Ah geez… you know that feeling you have when you know something has to be done, but you know you have to steel yourself to get it done well?

You meander about a bit, distracting yourself with other duties… you put the rubbish out, put that shelf up the missus has been banging on about for ages… some things you’ve ignored for months suddenly become important. And then, when you plonk yourself down in a chair in the evening, that thing you’ve been putting off is still there, waiting to be done.

That is what this Hawthorn season preview is to me. Not that it is a chore, but I often find myself too invested in the club to write objectively.

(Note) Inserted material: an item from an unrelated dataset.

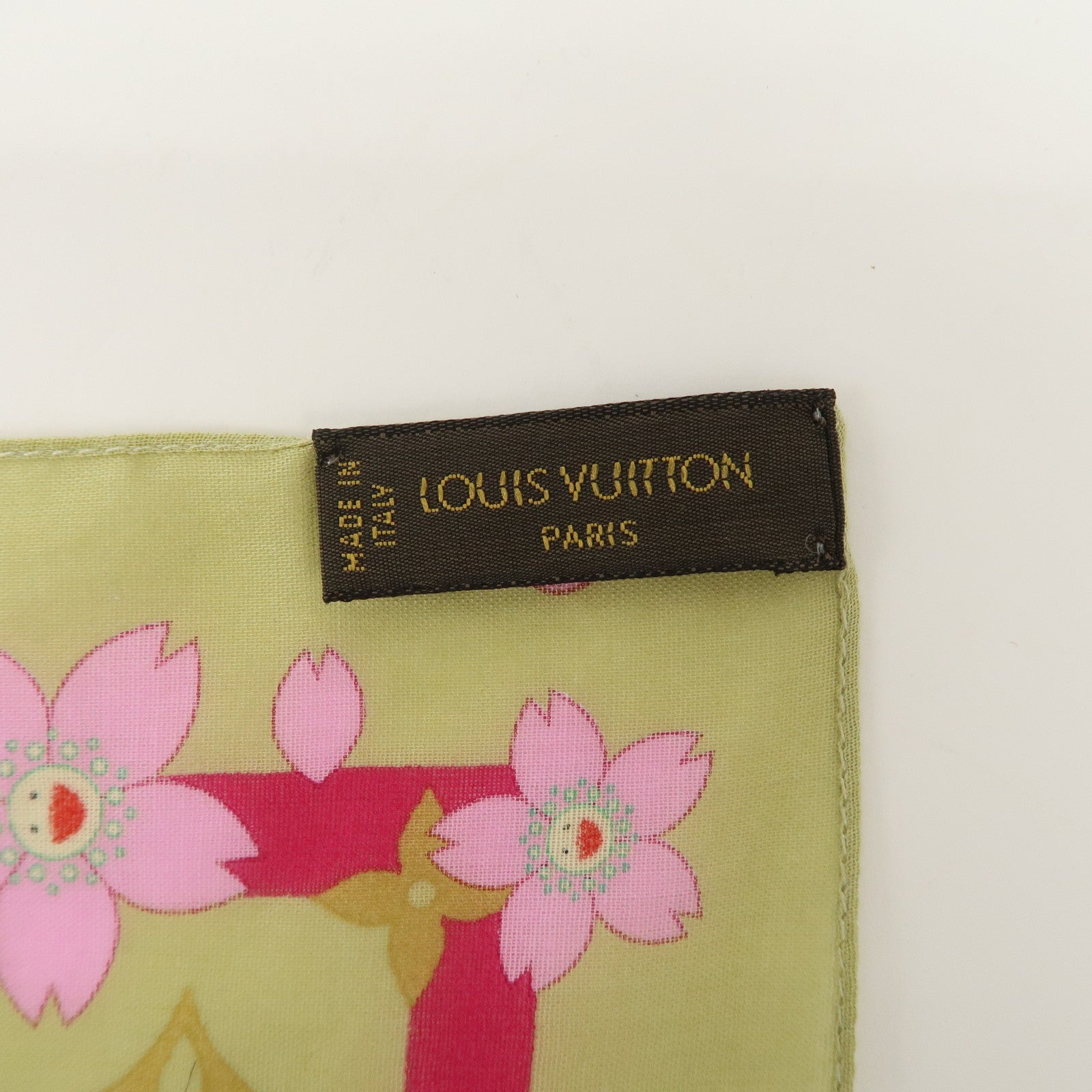 Louis Vuitton Monogram Cotton 100% Scarf Murakami M71921 Used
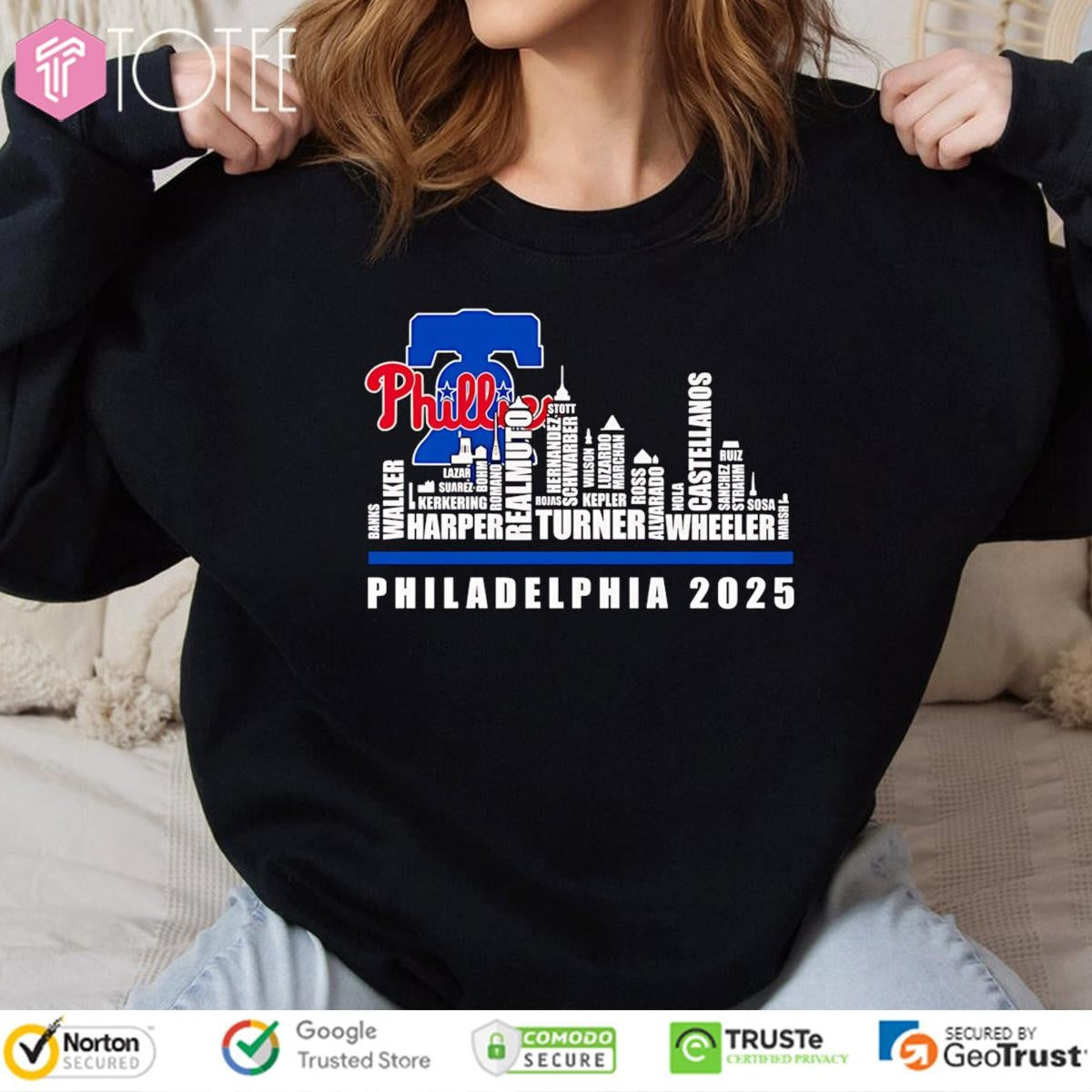 Skyline Name Philadelphia Phillies 2025 T-shirt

I have to rein myself in and ensure I am being fair in my assessments, as too often, I am harsher on the club I support than those I don’t.

I guess I just have high standards when it comes to the Hawks – they taught me that by providing me with 11 flags to celebrate in my lifetime. It’s been great, but I have come to expect success, and plenty of it, as a result.

So, in a way, if I am harsh… it’s their own fault!

Yep, that’s the way to start… shifting blame. Let’s get into it.

It’s that time of year, already.

The break after Christmas and New Year is over. The holidays are finished for AFL players, and the hard stuff starts now. Yes, the teams had been training for well over a month prior to Christmas, but as we head into 2023, the ante is upped and the intensity increases.

This is where premierships are won and lost. This is where improvements are made and lists come together. New faces, new colours, old heads with renewed passion… so much feeds into the making of a contender. And as the days tick down toward to the intra-club clashes, practice games, and eventually the real stuff, questions are raised about each team and how they’re going to perform in 2023.

We don’t do things by halves here, at The Mongrel. When we do a season preview, we go all out to make sure it is the best, most comprehensive coverage you’ll receive. We pride ourselves on it. If you are going to read one season preview for your team, or any team, this series provides it.

The way it works is as follows.

Each club has a minimum of 15 questions asked about their 2023 season, their coaches, their players, and their expectations. The answers are not glossed over. We dive deep on each and every one – some singular answers would normally be long enough for an entire column. The first five questions/answers are free for you to consume. The next 10-14 for each club are for our members, including a special appearance from Mrs Mongrel to throw her two cents in the mix.

You will not read a deeper season preview than this – I guarantee it.

And with that, let’s jump into The Big Questions relating to the Hawks in 2023.



There is a huge part of me that wants to say yes, but at the same time, will he ever have a better chance to don that blazer than he did in 2022?

After an extended break to ensure his recovery from an ACL injury was s good as it could be, Sicily embarked on a season that far outweighed any other he had compiled in the league. In a defence that was under constant threat, Sicily was cool, calm, and collected as he patrolled the defensive 50, taking on whatever role Sam Mitchell allocated to him.

If they needed Sic to be a key position defender, no problems… he’d do that.

Sam wants him to be an intercept marker, zoning off his direct opponent to cut the opponent’s attack off at the knees? Yep – he had that role covered.

How about the role of rebounder? Pfft… piece of cake, really.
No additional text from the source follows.